In the lead-up to the highly anticipated COP28 climate summit set to take place in Dubai from November 30 to December 12, concerns are mounting over the United Arab Emirates’ (UAE) suitability as the host nation. This unease stems from revelations that the UAE’s oil giant, ADNOC (Abu Dhabi National Oil Company), headed by COP28’s President Sultan al-Jaber, is projected to allocate over $1 billion per month towards fossil fuel endeavors throughout the next decade.
According to a recent analysis conducted by the international NGO Global Witness, this substantial financial commitment to fossil fuels dwarfs ADNOC’s investments in decarbonization projects by nearly sevenfold over the same period.

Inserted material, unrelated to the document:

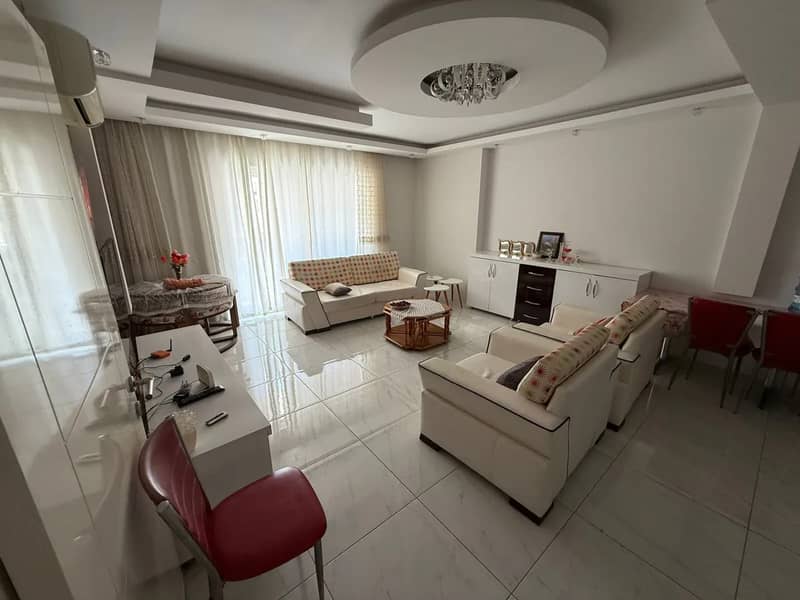 Apartment, Alanya — photo 3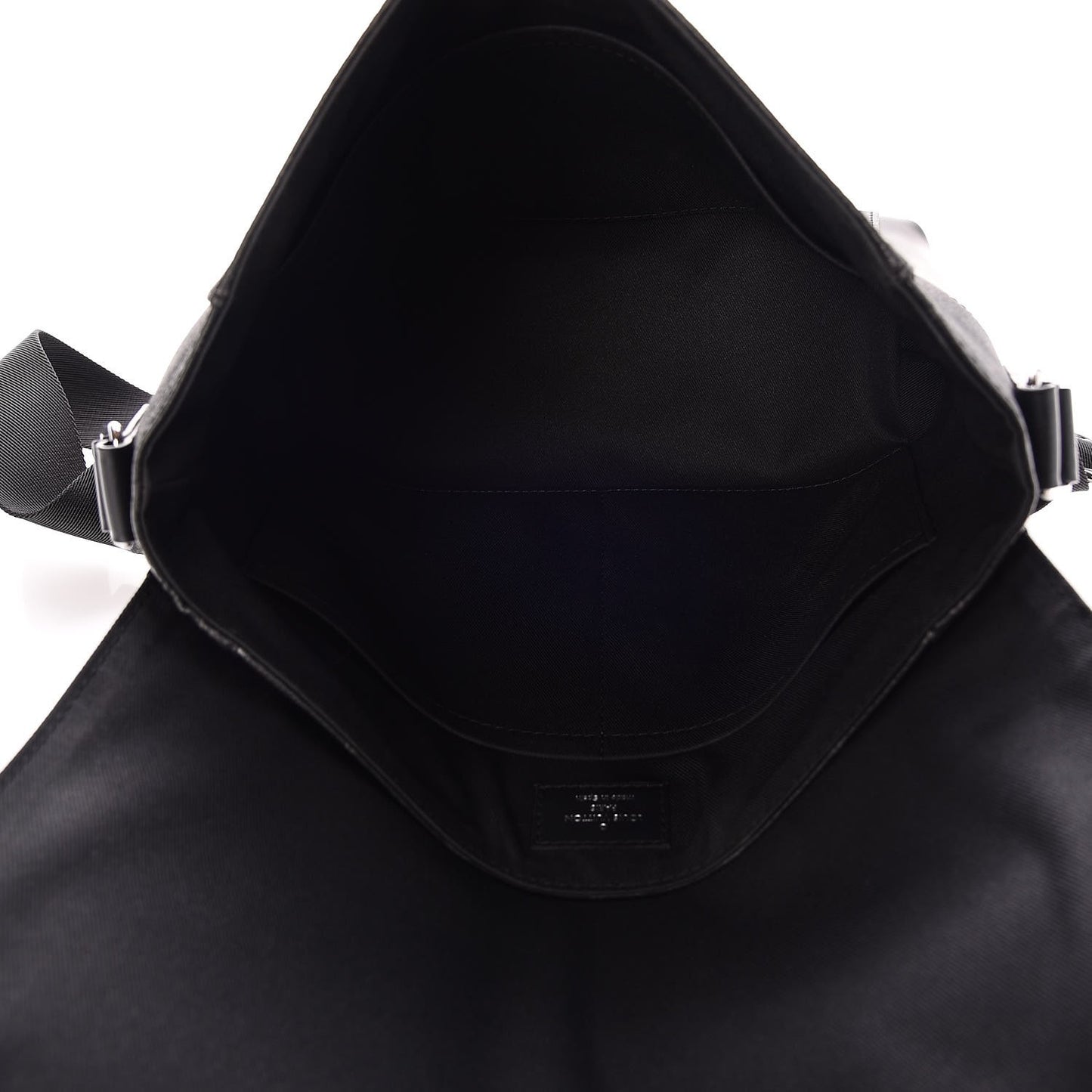 Monogram Eclipse Explorer PM Black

ADNOC has recently made headlines by advancing its net-zero emissions target to 2045, a commendable move on the surface. However, Global Witness has disputed the company’s environmental aspirations, asserting that the assumptions made by ADNOC are inaccurate.
The discrepancy between ADNOC’s proclaimed climate goals and its substantial financial backing of fossil fuels has led to skepticism regarding the UAE’s hosting of COP28, a pivotal conference for addressing the global climate crisis.
Global Witness, sharing their analysis exclusively with CNBC, revealed that ADNOC’s plans involve an average monthly investment of $1.14 billion in oil and gas production alone until 2030. Remarkably, this is the same year the United Nations has set a target of reducing global emissions by 45% to avert a climate catastrophe.
Evidently, ADNOC’s expenditure on fossil fuels significantly overshadows its commitment to “low-carbon solution” projects during this critical decade.
Looking further ahead to 2050, the year by which the UN insists the entire global economy must achieve net-zero emissions, ADNOC is projected to have invested an astonishing $387 billion in oil and gas. This massive investment in fossil fuels underscores the urgency of addressing the climate emergency, driven primarily by the burning of fossil fuels.
ADNOC, however, has contested Global Witness’ analysis. A spokesperson for the company responded via email to CNBC, stating, “The analysis of, and assumptions made, regarding ADNOC’s capital expenditure program beyond the company’s current five-year business plan (2023 to 2027) are speculative and therefore incorrect.”
Earlier this year, the Abu Dhabi energy group announced a $15 billion allocation for investment in “low-carbon solutions” by 2030. This allocation includes investments in clean power, carbon capture and storage, and electrification projects. Global Witness derived its projections by examining ADNOC’s anticipated oil and gas capital expenditure, exploratory capital expenditure, and operational expenditure from 2023 to 2050. The data for this analysis was sourced from Rystad Energy’s UCube database.
While Rystad’s data is not publicly accessible, it is widely acknowledged and used by major oil and gas companies and international organizations.
Patrick Galey, senior investigator at Global Witness, criticized fossil fuel companies for their tendency to emphasize their green credentials while continuing to invest substantial sums in polluting oil and gas operations. He remarked, “Fossil fuels companies like to burnish their green credentials, yet they rarely say the quiet part out loud: that they continue to throw eye watering amounts at the same old polluting oil and gas that is accelerating the climate crisis.”
Galey further questioned the credibility of Sultan al-Jaber’s role as the President of COP28, given his position as the head of ADNOC, which appears to prioritize fossil fuels over renewable alternatives. “How [al-Jaber] can expect to lecture other nations on the need to decarbonize and be taken seriously is anyone’s guess, while he continues to provide vastly more funding to oil and gas than to renewable alternatives,” Galey added. “He is a fossil fuel boss, plain and simple, saying one thing while his company does the other.”
These revelations have ignited a debate about whether the UAE, with its prominent role in the fossil fuel industry, can credibly lead discussions on global climate action during COP28. Civil society groups, as well as lawmakers from the United States and the European Union, have expressed concerns about al-Jaber’s dual roles as COP28 president and ADNOC CEO.
However, some government ministers have come forward to defend his appointment, emphasizing the UAE’s commitment to transitioning towards a more sustainable energy future.
The juxtaposition of ADNOC’s significant financial backing of fossil fuels and its aspirations for sustainability raises fundamental questions about the credibility and effectiveness of COP28 as a platform for meaningful climate action. With the climate crisis intensifying, global leaders will gather in Dubai later this year to deliberate on solutions, but the controversy surrounding ADNOC’s dual role casts a shadow over the conference’s potential impact on addressing one of the world’s most pressing challenges.